A very old recipe, boudin noir can be found in almost all regions and countries where people eat pork. The site Cuisine française presents very thoroughly this specific charcuterie. Here's a snippet of their article.
One of the most ancien charcuterie, the tradition wants that it was invented by a Greek cook named Aphtonite in the Antiquity. In the 9th century, the De re coquinaria d'Apicius is the first written source of the recipe which is consumed in taverns.
It is made exclusively with pork blood and fat, depending of the area, spices, condiments, wine can be added. Either pork or beef tripes are filled up and then the whole thing is cooked in a salted boiling water.

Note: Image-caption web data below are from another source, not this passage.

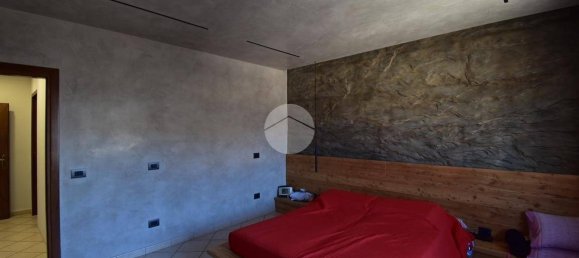 Studio in Castiglione delle Stiviere, Italy, Nr. 272213 31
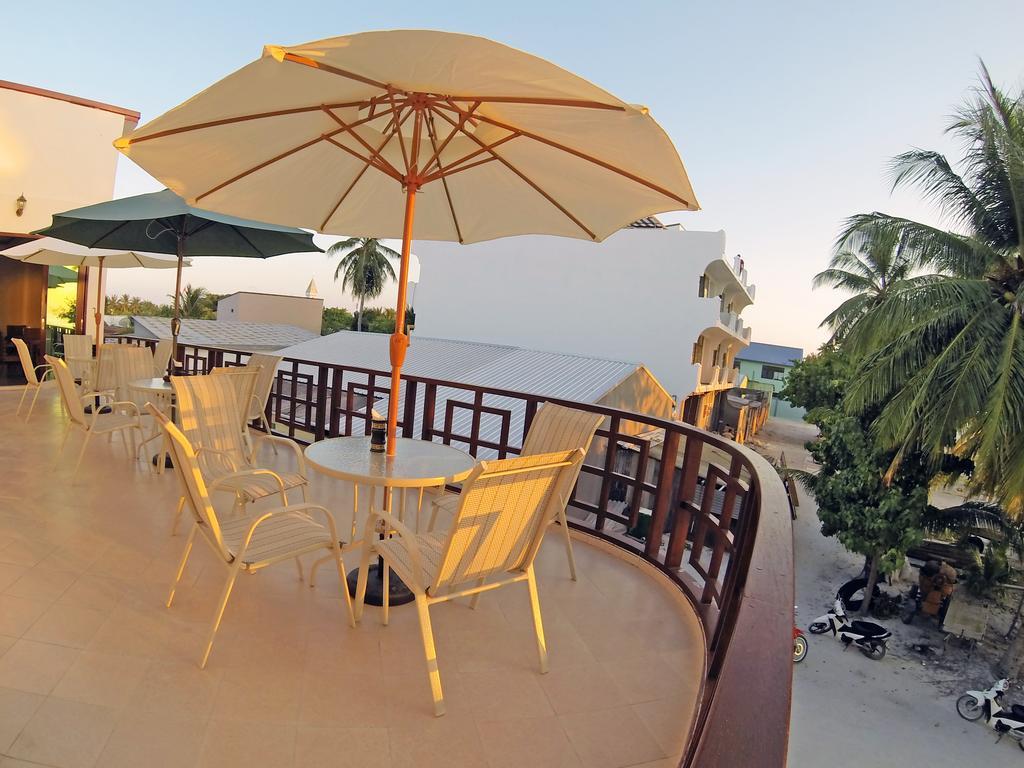 Sun Tan Beach Hotel остров Маафуши Екстериор снимка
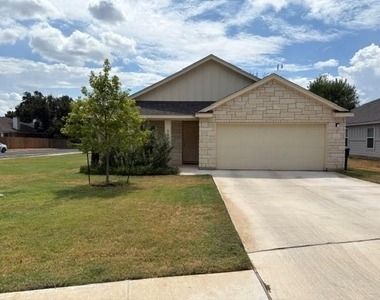 3403 N Monument Dr N - Photo Thumbnail 1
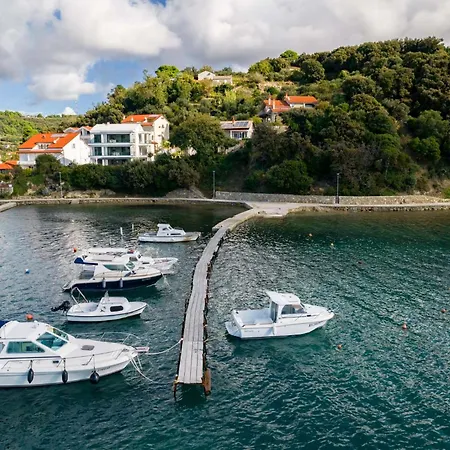 Veronica With Pool First Line At Sea Palit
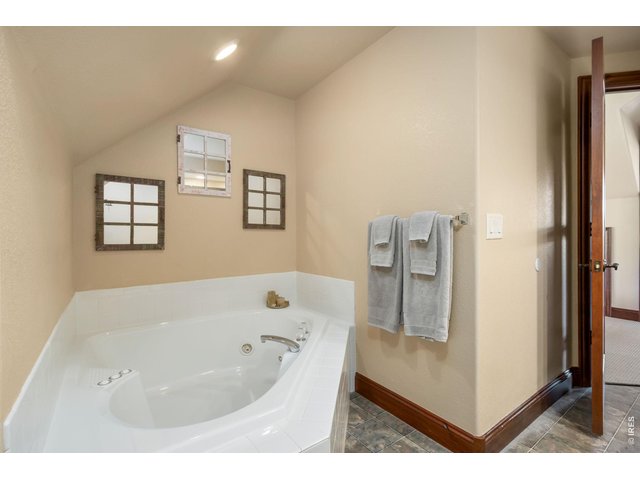 Property Photo 38 Double Jaccuzi jetted tub- perfect for after the day's adventures and those sore muscles!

Tour de France des boudins:
Each region has their own way to prepare :
Boudin de Strasbourg (Alsace): boudin made with tongue, smoked flavour
Boudin périgourdin (Aquitaine): not fatty, very crisp
Boudin d'Auvergne : very smooth
Boudin de Bourgogne : with milk and rice, smooth flavour
Boudin de Paris also called boudin à l'oignon (Ile de France) : smooth flavour with few pieces
Boudin audois (Languedoc-Roussillon) : crisp and smooth flavours brought by the usage of pork rind
Boutifar ou boutifaron (Languedoc-Roussillon) : Lots of spices, powerful and spicy flavour
Boudin de Nancy (Lorraine)
Boudin du Sud-ouest (Midi-Pyrénées) : very recognizable
Boudin coutançais (Normandie) : quite fatty, crisp when grilled.
Boudin de Saint-Romain (Normandie) : smooth flavours mixed with onions
Boudin angevin (Pays de Loire) : parfumes by the usage of herbs and vegetables
Boudin du Poitou (Poitou-Charentes) : light, smooth, parfumes by herbes and spinach
Boudin marseillais (Provence Alpes Côte d'Azur)
Boudin de Lyon à la crème (Rhône-Alpes) : very specific due to the usage of onions and Swiss chards
les boudins créoles et antillais : very specific, spicy and aromatic
To cook it, just fry in a pan or grill. Potatoes purée, stewed apple or onions purée are all delicious side dishes to eat with the boudin.